Thursday, December 26, 2024

 

Dance, Toro, Part 1

He had more talent than Maradona, according to Gyorgy Mezey, the man who coached him as a raw youngster. Enzo Bearzot chose him in his World XI in 1979. The legendary Hungarian coach Lajos Baroti asserted that although he'd known "just about everyone who'd kicked a ball", no-one had his degree of talent. According to almost everyone who saw him play, he was the last great genius of Hungarian football, a throwback to the glorious days of Puskas, Czibor, Hidegkuti and co.

Yet Andras Torocsik never made the most of his talent. A series of largely self-inflicted "incidents" hampered his playing career at every turn, and his life after football was a long, slow tale of alcoholic self-destruction.

Torocsik was born on May 1, 1955 in Budapest at the height of the Hungarian golden era, just before the 1956 revolution which would see so many of their star players become reluctant exiles. As with most players of his generation, it was the street which provided his initial football education. He and his friends played all day long in front of the church on Kassai Square, in the Zuglo area of Budapest. "We would have played all night as well," he later recalled.

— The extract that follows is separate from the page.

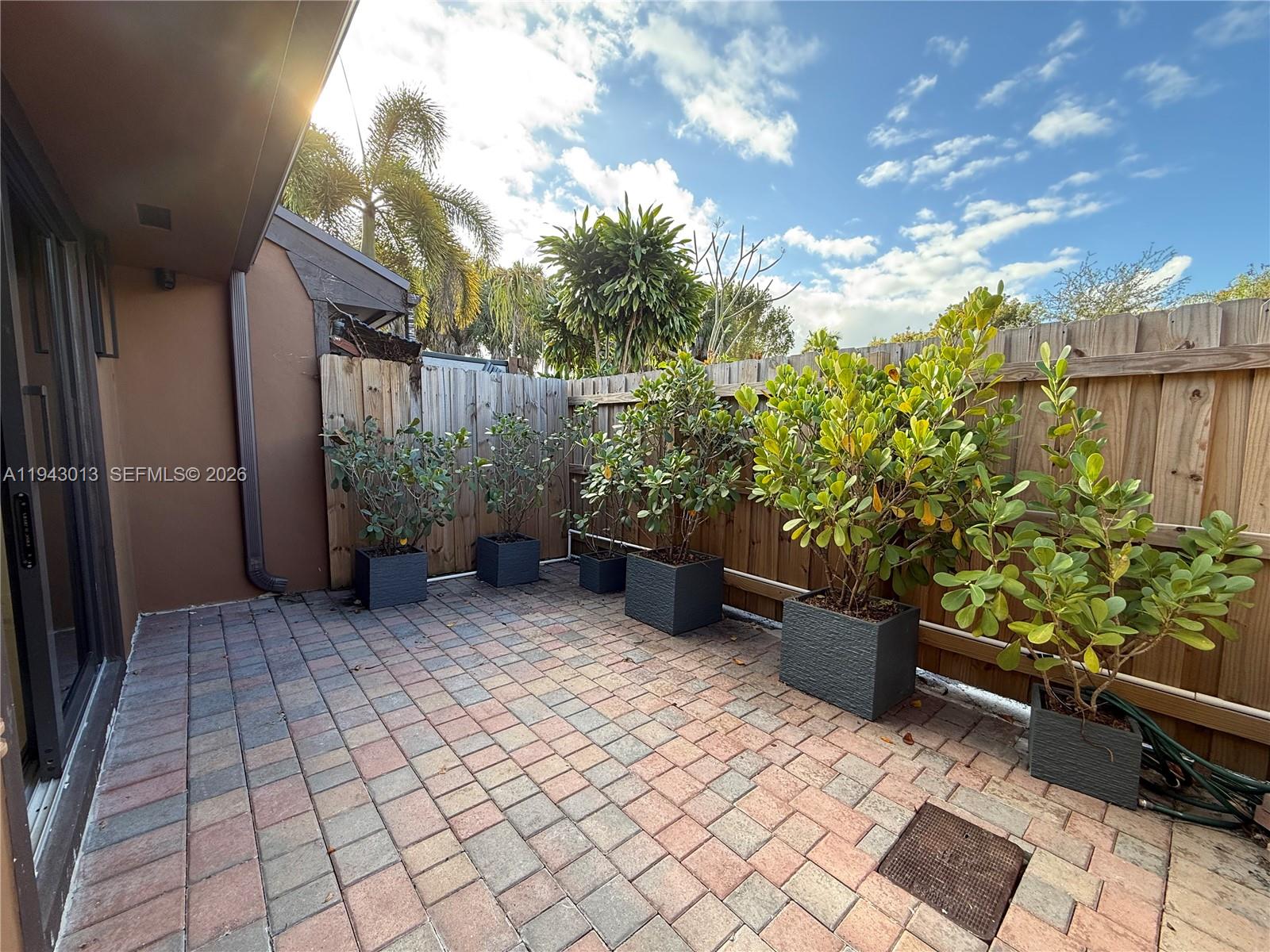 BRIAR BAY TOWNHOUSE ESTAT - Residential Lease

Scouts from the local BVSC team discovered him in 1965, and he spent his teenage years at the second division club, learning from the aforementioned Mezey and others. News of his talent gradually spread, and by 1974 he was the hottest young prospect in the country, with the major clubs involved in a tussle for his services.

In Cold War-era Hungary, of course, it was not about who could offer the most handsome fee, but who had the superior political connections. The young Torocsik had hoped to join Ferencvaros, who he had supported since childhood, but it looked for a while as if he would be snatched by the army team, Honved - an eventuality which the decidedly non-military youngster dreaded. But at the eleventh hour, an intervention by the Ministry of the Interior saw him transferred to the most successful Hungarian club of the era, Ujpest Dozsa.

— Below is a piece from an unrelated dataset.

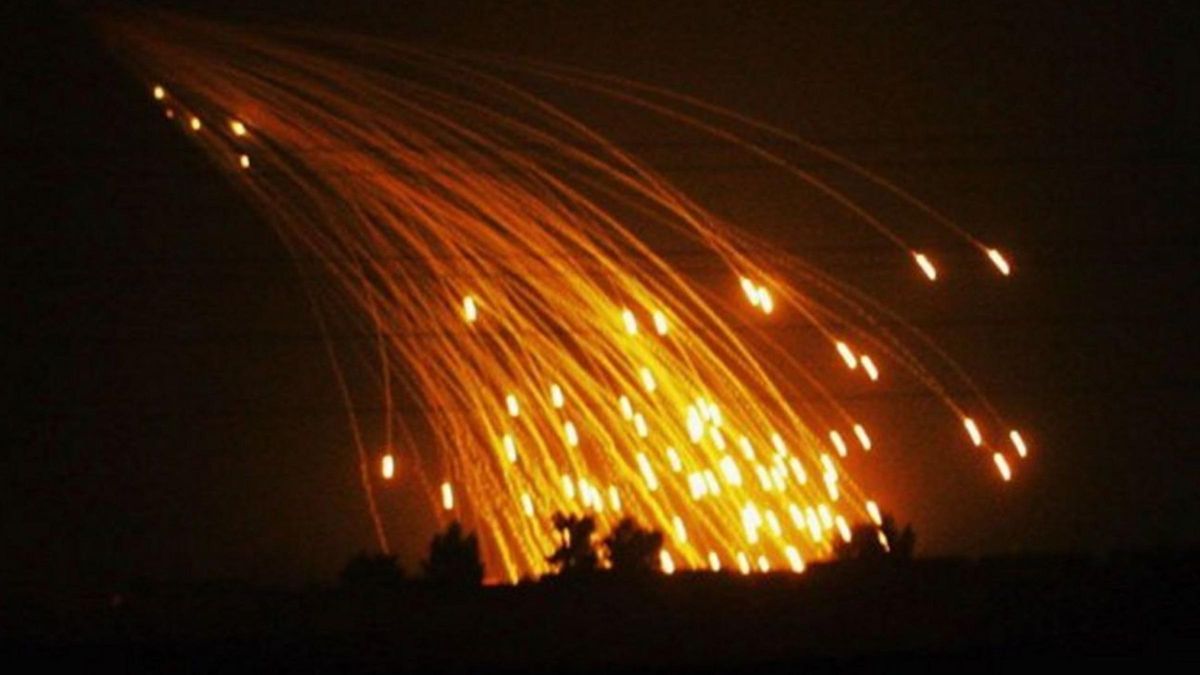 В полиции напомнили, что делать в случае фосфорной бомбардировки - 24 Канал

Based in the suburbs of the city, Ujpest had gone from being a poor relation to acting as the standard-bearer of Hungarian football by the early seventies. Regular league title winners, the club were mainstays in the European Cup in this period as well, reaching the semi-finals in the year of Torocsik's arrival. Based around the world-class forward Ferenc Bene, scorer of a famous goal at the 1966 World Cup, the team featured a frontline full of internationals, including the classy playmaker Antal Dunai and the energetic wingers Laszlo Fazekas and Sandor Zambo.

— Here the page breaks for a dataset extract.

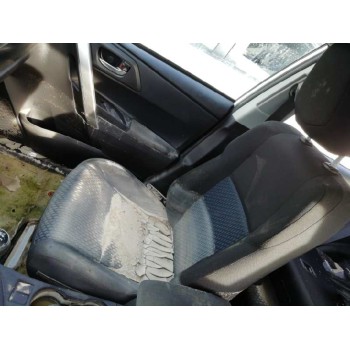 toyota auris del año 2013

It looked like Torocsik would have trouble breaking into the first team, in other words. But with Bene now over 30 and easing towards retirement, the 19-year-old Torocsik established himself in the side almost immediately, and quickly became a fan favourite. His fleet-footed evasion of defenders became the spur for a cry which would accompany him throughout his time at Ujpest: "Táncolj, Törő!" Dance, Toro!

This balletic style, remarked upon by many contemporary pundits, along with his pop-star good looks, drew inevitable comparisons with George Best. Sadly, this was not the only way in which Torocsik's career trajectory was to resemble that of the Manchester United legend.

Within a couple of years, Torocsik was a member of the national team as well, making his debut in a friendly against neighbours and rivals Austria in 1976. In early 1977, with the World Cup qualifiers beckoning, Torocsik went on a South American tour with the national side, and scored his first international goal against Peru. The last game of the tour was against the hosts of the following year's World Cup, in which a 17-year-old Diego Maradona made his debut for Argentina. 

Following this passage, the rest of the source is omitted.